Szymon: Trenuję 3 razy w tygodniu w szkole sportowej, do tego regularne treningi przeszkodowe na Spichlerzu i ćwiczenia siłowe. Staram się nie opuszczać żadnego treningu – systematyczność to podstawa.
Redakcja: Startujesz też w biegach z przeszkodami – skąd taka pasja?
Szymon: Od początku lubiłem wyzwania, a biegi przeszkodowe są bardzo wymagające fizycznie i psychicznie. Mamy świetne warunki do treningu na Spichlerzu, więc mogę się dobrze przygotowywać. Na razie startuję w formule Open, ale moim celem jest elita.
Redakcja: Jakie są Twoje sportowe marzenia?
Szymon: Chcę dalej się rozwijać i kiedyś reprezentować Polskę na arenie międzynarodowej. Marzę o starcie w dużych zawodach OCR (Obstacle Course Racing) i zdobyciu tam medalu.
Redakcja: Co powiedziałbyś młodym ludziom, którzy dopiero zaczynają przygodę ze sportem?
Szymon: Najważniejsze to nie zniechęcać się na początku. Efekty przyjdą z czasem, trzeba być cierpliwym i konsekwentnym. I co najważniejsze – czerpać radość z każdego treningu.

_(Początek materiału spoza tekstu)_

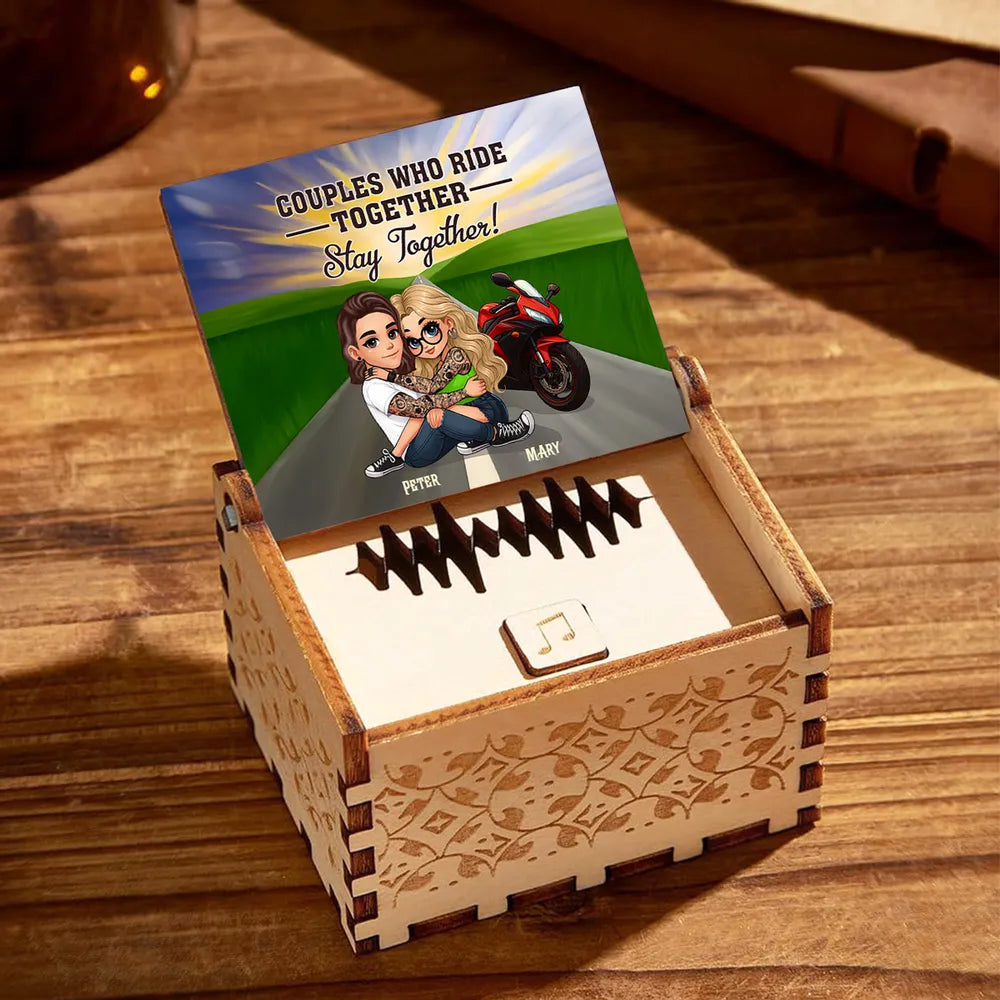 Personalized Music Box for Couples with Custom Cartoon - Anniversary Gift Plaque MagicInPrints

Szymon Funk to dowód na to, że wiek nie stanowi przeszkody, gdy towarzyszy mu pasja, systematyczność i wsparcie otoczenia. Jego historia pokazuje, jak wiele można osiągnąć, gdy wierzy się w swój potencjał i nie rezygnuje po pierwszych sukcesach. Życzymy mu kolejnych wspaniałych wyników, a naszym Czytelnikom – nieustannej inspiracji do podejmowania własnych wyzwań. Trzymajmy kciuki za dalszą karierę Szymona i bądźmy dumni z jego reprezentacji naszej gminy!